ASSIGNMENT
Look below for the line holding "This is a picture" and the line holding "As we take the". Transcribe exactly those lines and all lines between them, nothing more.

AVAILABLE DATA
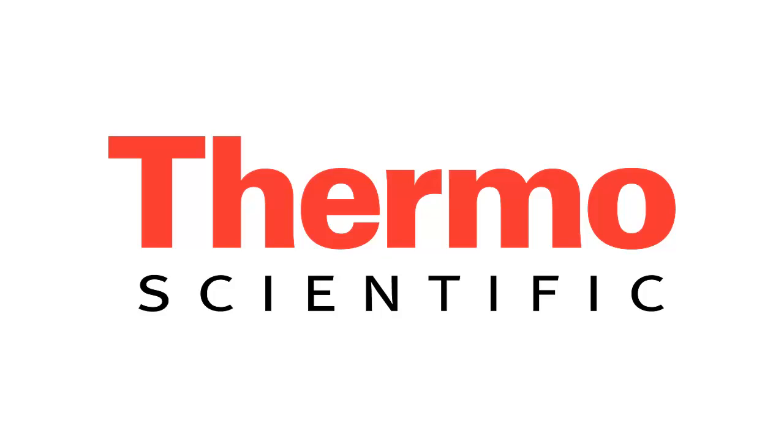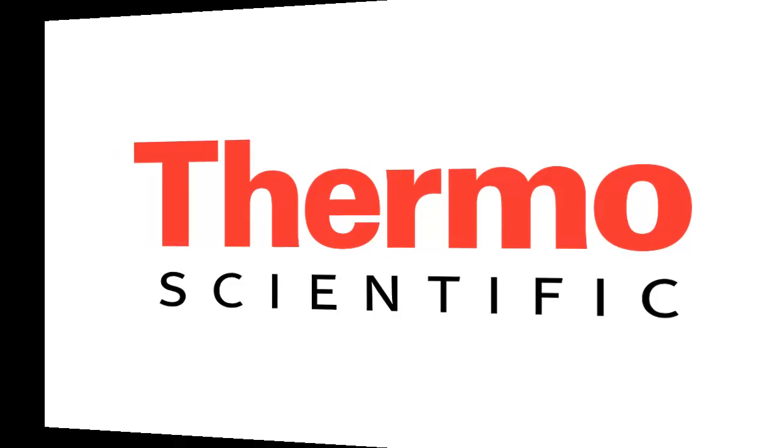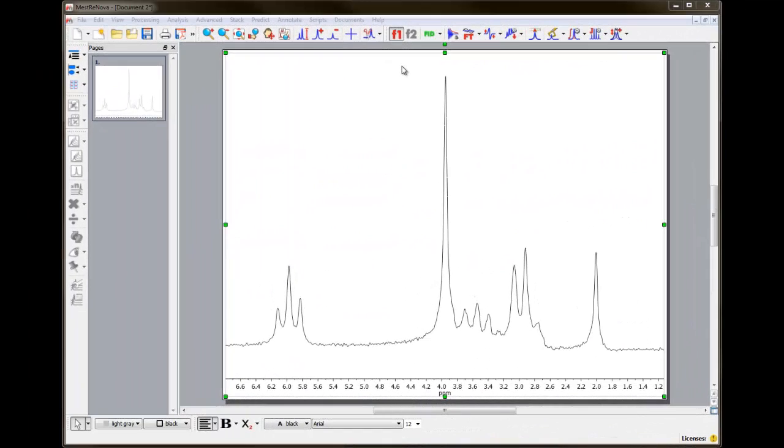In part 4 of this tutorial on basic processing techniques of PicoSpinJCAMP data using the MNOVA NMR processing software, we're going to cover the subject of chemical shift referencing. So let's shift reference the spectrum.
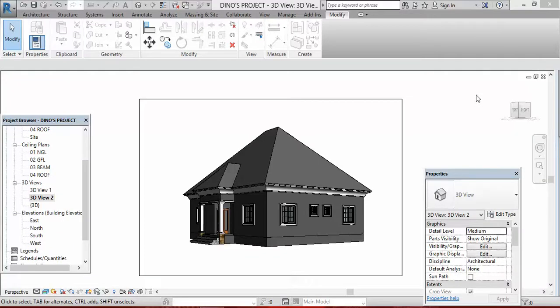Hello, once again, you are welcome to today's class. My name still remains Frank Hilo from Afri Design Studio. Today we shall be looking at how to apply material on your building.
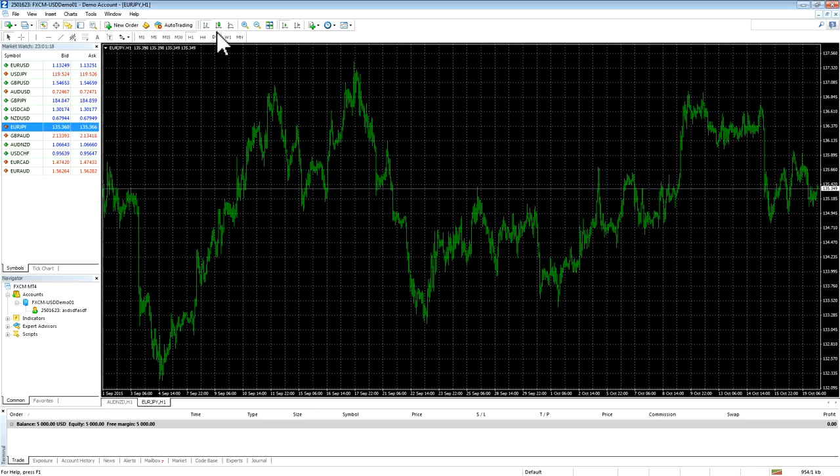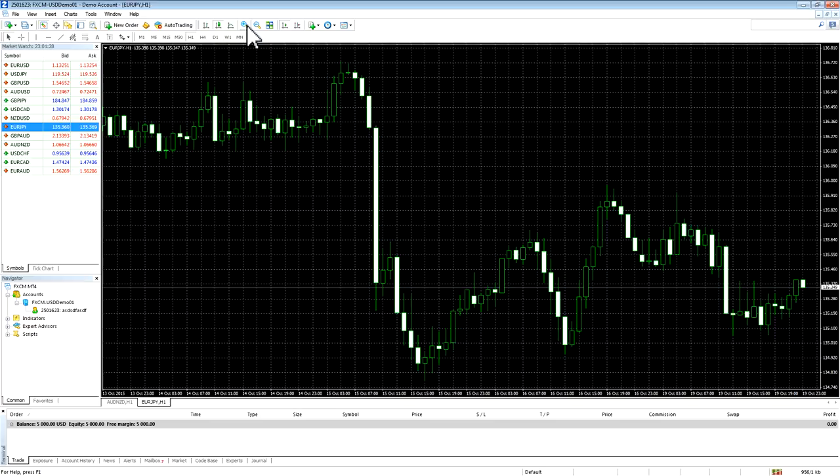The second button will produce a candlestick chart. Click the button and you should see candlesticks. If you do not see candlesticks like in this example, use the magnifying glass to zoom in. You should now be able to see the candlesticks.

---

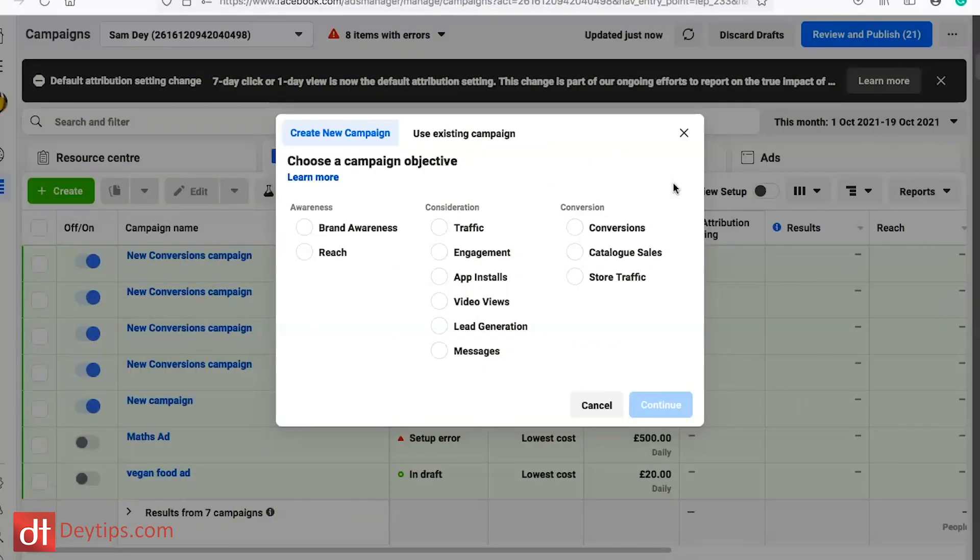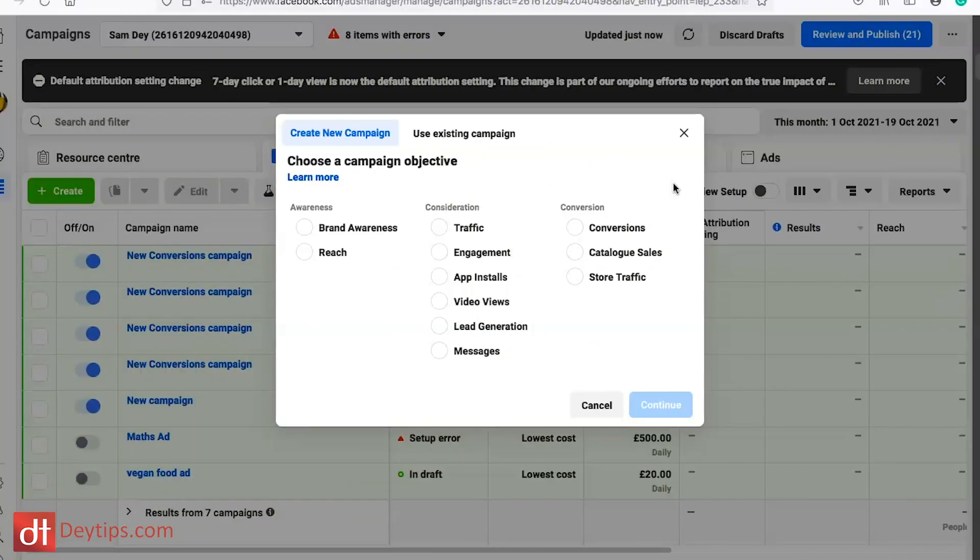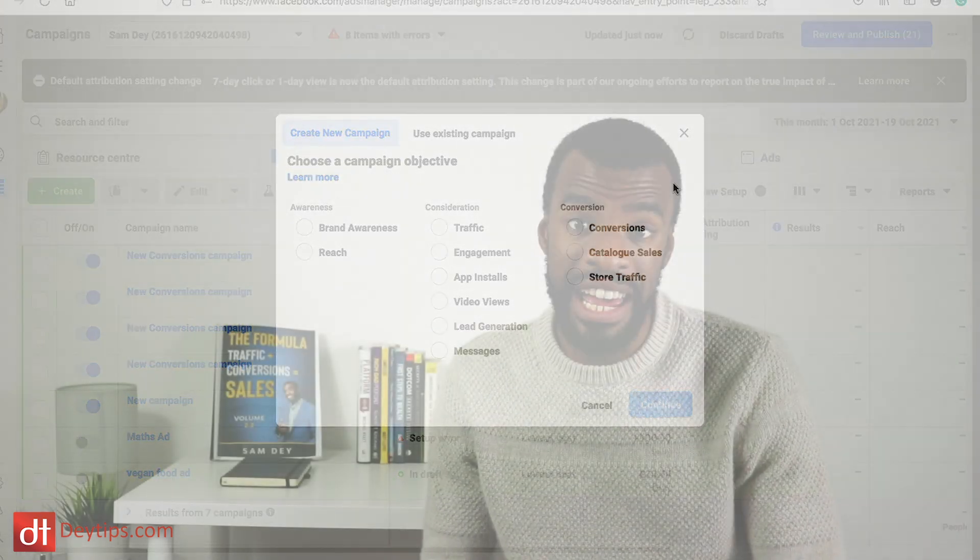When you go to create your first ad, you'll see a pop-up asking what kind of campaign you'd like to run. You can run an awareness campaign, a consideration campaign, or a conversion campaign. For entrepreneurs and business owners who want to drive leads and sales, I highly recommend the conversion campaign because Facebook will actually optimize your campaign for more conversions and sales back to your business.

--

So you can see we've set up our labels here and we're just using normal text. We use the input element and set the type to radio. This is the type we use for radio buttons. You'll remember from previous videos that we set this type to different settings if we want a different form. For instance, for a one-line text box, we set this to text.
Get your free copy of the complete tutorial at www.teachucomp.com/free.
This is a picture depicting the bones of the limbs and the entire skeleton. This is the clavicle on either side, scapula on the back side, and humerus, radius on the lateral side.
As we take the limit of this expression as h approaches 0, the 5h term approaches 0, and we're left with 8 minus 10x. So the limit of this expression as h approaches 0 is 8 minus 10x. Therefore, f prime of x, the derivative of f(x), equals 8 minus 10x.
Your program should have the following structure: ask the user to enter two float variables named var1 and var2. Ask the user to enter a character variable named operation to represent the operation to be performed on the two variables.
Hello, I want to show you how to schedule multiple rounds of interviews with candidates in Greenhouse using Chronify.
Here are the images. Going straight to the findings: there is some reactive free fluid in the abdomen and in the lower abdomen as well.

WORKED SOLUTION
This is a picture depicting the bones of the limbs and the entire skeleton. This is the clavicle on either side, scapula on the back side, and humerus, radius on the lateral side.
As we take the limit of this expression as h approaches 0, the 5h term approaches 0, and we're left with 8 minus 10x. So the limit of this expression as h approaches 0 is 8 minus 10x. Therefore, f prime of x, the derivative of f(x), equals 8 minus 10x.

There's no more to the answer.